[Available records — start]

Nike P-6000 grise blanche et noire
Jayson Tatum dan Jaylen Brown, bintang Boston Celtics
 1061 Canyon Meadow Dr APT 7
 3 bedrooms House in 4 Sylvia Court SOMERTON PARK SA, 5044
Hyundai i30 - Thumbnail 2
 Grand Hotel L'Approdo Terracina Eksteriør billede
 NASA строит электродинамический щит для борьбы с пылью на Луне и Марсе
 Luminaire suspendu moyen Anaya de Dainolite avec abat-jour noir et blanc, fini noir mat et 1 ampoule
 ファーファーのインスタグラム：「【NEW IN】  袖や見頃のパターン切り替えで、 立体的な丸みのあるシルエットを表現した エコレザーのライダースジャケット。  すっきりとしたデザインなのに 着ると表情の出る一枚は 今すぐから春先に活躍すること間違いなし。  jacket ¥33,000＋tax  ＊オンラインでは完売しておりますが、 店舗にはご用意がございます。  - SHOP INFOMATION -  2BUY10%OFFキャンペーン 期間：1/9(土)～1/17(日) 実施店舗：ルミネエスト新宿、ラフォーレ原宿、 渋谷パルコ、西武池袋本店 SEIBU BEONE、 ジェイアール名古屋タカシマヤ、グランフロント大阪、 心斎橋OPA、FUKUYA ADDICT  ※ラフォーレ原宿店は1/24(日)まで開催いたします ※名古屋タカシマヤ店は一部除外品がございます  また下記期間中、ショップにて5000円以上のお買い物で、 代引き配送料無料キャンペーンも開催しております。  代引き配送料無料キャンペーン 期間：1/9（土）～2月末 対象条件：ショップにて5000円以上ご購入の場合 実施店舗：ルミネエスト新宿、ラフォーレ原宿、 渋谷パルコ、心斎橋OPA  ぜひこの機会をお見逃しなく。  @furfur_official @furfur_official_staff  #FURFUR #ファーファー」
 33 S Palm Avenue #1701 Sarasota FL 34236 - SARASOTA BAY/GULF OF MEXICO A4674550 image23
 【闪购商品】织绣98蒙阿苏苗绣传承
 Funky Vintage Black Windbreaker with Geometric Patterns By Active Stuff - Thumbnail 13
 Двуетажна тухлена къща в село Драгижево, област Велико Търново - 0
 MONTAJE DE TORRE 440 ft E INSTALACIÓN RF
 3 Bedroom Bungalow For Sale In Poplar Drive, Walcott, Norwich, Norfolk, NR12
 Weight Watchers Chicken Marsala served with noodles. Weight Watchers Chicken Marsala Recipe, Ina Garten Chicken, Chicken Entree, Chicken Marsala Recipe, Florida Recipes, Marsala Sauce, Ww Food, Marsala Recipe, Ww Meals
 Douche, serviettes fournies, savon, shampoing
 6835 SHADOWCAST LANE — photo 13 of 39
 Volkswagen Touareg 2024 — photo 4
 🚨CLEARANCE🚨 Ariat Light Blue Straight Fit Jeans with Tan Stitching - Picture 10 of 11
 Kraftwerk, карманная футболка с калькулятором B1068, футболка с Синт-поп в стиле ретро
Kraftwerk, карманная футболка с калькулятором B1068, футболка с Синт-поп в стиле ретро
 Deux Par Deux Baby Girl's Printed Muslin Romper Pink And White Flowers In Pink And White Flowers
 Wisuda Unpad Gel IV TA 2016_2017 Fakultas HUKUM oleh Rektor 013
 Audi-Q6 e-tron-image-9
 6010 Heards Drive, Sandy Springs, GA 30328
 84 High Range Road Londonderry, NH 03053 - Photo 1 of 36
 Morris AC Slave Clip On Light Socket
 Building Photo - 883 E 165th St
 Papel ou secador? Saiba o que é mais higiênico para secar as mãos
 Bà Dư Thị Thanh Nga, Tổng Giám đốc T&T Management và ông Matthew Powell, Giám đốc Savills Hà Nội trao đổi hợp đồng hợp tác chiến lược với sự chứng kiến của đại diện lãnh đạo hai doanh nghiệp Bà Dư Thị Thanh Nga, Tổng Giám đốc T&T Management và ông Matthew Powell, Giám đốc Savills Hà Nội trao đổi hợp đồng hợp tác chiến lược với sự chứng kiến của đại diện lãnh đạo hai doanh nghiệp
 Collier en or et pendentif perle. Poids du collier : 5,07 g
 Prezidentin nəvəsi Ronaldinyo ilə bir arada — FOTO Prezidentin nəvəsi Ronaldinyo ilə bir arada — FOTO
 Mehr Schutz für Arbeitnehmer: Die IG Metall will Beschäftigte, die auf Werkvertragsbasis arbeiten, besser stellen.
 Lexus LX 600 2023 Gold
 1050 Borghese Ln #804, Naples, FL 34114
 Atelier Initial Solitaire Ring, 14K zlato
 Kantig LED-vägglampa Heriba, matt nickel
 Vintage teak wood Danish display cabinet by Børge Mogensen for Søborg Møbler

[Available records — finish]

§ Task brief: Copy all lines from the material that contain "Thumbnail".

§ The answer:
Hyundai i30 - Thumbnail 2
 Funky Vintage Black Windbreaker with Geometric Patterns By Active Stuff - Thumbnail 13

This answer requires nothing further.